Just as the union movement for food-processing workers launches in Indonesia, the IUF-affiliated FSPM Union is mobilizing a homegrown fast-food workers campaign, seeking union recognition and decent working conditions at the Champ Resto restaurant chain after years of struggling with job insecurity, suppression of organizers, and denial of health-care entitlements. They are joining a wave of fast-food organizing in Thailand and other Asian countries, in parallel with the US-based Fight for 15 campaign at low-wage fast-food outlets.

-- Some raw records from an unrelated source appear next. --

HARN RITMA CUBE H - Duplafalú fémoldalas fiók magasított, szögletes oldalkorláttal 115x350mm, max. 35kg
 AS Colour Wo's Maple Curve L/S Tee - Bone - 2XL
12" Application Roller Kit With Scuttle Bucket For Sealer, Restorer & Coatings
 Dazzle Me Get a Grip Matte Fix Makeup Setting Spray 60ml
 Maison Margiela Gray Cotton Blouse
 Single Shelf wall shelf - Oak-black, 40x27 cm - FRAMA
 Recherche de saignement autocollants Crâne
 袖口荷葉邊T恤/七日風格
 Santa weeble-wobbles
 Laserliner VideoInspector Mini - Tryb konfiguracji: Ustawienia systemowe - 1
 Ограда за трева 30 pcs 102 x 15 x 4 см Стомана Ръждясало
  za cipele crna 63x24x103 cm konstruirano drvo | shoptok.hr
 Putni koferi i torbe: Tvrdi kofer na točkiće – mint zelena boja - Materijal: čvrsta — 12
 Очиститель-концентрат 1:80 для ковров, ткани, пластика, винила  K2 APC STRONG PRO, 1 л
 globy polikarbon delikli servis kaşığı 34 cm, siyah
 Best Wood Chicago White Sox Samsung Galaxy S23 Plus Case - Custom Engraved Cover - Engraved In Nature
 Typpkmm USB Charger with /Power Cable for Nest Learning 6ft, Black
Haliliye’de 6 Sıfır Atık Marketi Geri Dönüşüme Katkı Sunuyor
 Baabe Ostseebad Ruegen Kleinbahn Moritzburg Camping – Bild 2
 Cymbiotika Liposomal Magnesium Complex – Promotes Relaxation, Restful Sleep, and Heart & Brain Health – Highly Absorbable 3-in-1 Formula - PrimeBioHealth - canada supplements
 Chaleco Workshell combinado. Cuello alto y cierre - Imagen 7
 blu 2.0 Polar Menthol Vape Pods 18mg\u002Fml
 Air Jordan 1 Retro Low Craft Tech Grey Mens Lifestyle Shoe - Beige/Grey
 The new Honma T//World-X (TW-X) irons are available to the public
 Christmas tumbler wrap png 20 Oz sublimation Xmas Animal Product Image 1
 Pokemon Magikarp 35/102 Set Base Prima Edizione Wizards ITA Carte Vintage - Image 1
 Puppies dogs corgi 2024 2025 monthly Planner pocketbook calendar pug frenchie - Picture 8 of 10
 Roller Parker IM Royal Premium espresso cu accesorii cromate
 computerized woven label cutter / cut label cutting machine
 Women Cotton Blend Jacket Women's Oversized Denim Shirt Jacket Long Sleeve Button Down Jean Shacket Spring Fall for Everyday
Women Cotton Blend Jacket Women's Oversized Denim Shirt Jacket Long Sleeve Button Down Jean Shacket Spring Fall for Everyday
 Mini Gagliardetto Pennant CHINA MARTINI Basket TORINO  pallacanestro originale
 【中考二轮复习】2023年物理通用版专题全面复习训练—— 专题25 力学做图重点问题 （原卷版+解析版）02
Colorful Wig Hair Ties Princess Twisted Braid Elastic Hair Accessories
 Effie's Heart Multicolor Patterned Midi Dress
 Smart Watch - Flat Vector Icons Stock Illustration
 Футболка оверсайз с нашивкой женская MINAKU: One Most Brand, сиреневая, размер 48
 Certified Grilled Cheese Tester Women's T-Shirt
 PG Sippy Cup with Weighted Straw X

According to IUF General Secretary Sue Longley, under Indonesia’s “corrupt legal system,” even in unionized workplaces, “employers routinely tell workers that wages are excluded from collective bargaining because they are a ‘commercial secret’! Two decades after Suharto was forced from power, workers are still waiting for democracy at the workplace.” The new federation provides a basis for “a solidarity network which can give broad support to workplace struggles and strengthen the fight for independent, democratic union power in Indonesia.”

Twenty years after liberation from dictatorship, Indonesia has shifted to neoliberal capitalism. The next phase in its historical reckoning is giving workers an independent voice in a budding democracy.

Editor’s Note: An earlier version of this post misplace a reference to 205 workers fired from a Lampung, Indonesia crabmeat factory—the workers were employed by Phillips Seafood. An earlier version of this article also misidentified the location of the Champ Resto restaurant chain—the chain is located in Indonesia, not Thailand.